Because I feel like I cannot adequately convey the level of suck and frustration that is our life at the moment, I would like to employ a feature that punches the reader in the face every paragraph or so. Just so you get the full experience. Fortunately for you, this does not exist.
If you haven’t been updated on our issues with health insurance, you’ll want to check those out in this post.
It’s been a stressful few months trying to navigate everything. Searching for answers and coming up with nothing. But last week we finally received one. While satisfying, it simply compounded our frustration.
First (this is not the satisfying part yet), at the suggestion of several people, we contacted the US embassy in Munich. We explained our situation and asked if they had any insight or knew of any resources that could help us. The initial response said nothing more than that they could not give us any money. Which we weren’t even asking for! We responded to clarify, and got the response that they are not allowed to offer us any advice.
So that’s good to know. Unless you’ve lost your passport or been arrested or something, the US embassy is not there to help you.
Next William did more research. We continued to find that foreign students are usually publicly insured.
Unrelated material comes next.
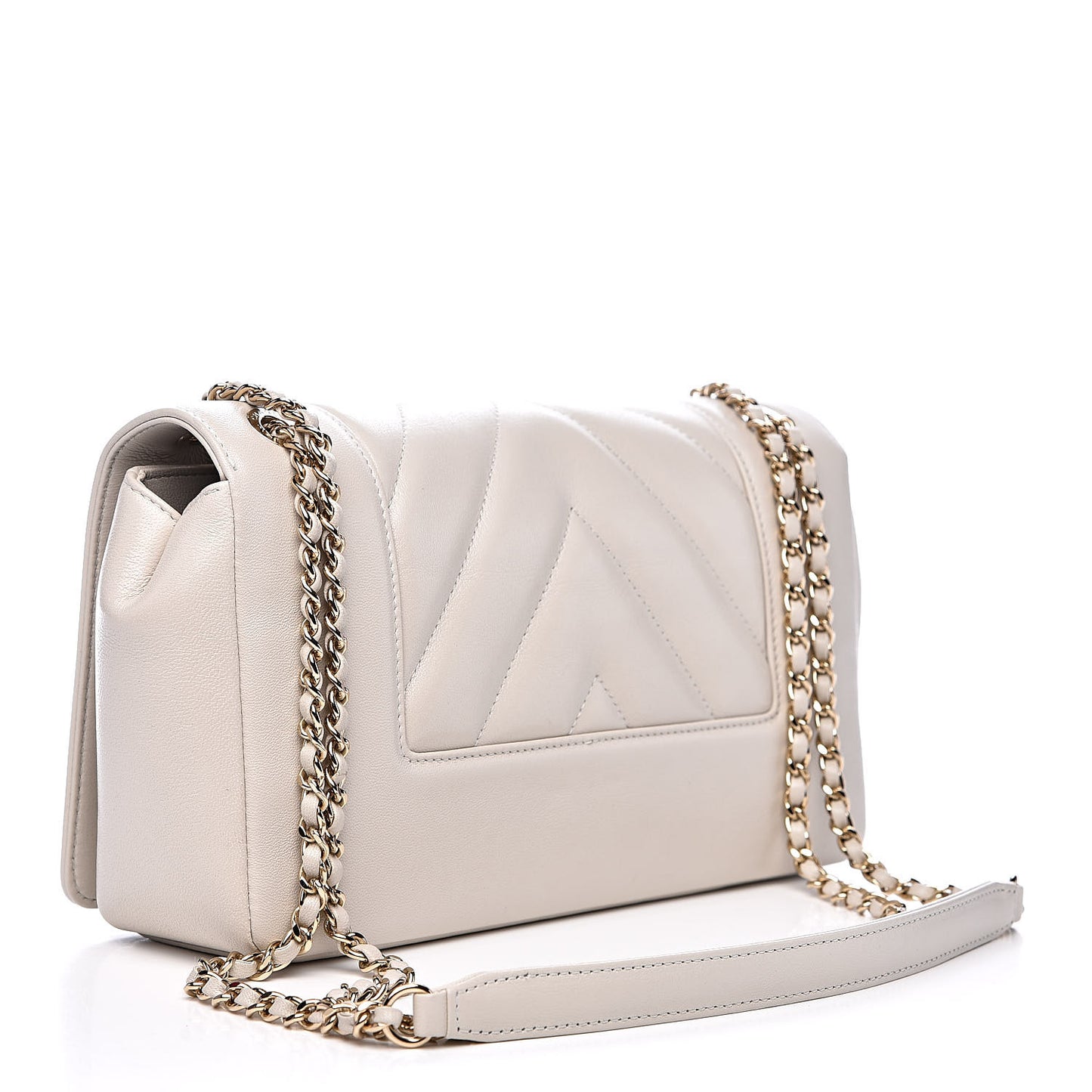 Sheepskin Chevron Quilted Medium Vintage Mademoiselle Flap White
So we went into the immigration office one last time to ask why this didn’t apply to us. And finally, after so many months, we got an answer (so slightly satisfying): we are not allowed to receive any social assistance at all. This includes public insurance.
But the worst part was when I mentioned this to the social worker for young immigrants or my teacher. And both responded with something along the lines of, “I knew that. Anyone who is not a German citizen is not allowed to receive social assistance, including gesetzliche Krankenversicherung.”
Well, if everyone – the immigration office, the social worker, my teacher, etc. – already knew about this, why did no one tell us? Why did it take over two months of asking and searching and talking to everyone we could get a hold of to find out? And this still does not explain why university students get public insurance but William does not.
We’re emotionally exhausted from this process and from this bureaucracy. If we had just been given answers when we started back in November, if we had just been informed of these things, we could have made different choices, and things would have been easier. Less stressful. We may not be left with the hardest decision of our life.
See…at the end of November, the day after Thanksgiving, we received some news that would change everything. I was 4 weeks pregnant.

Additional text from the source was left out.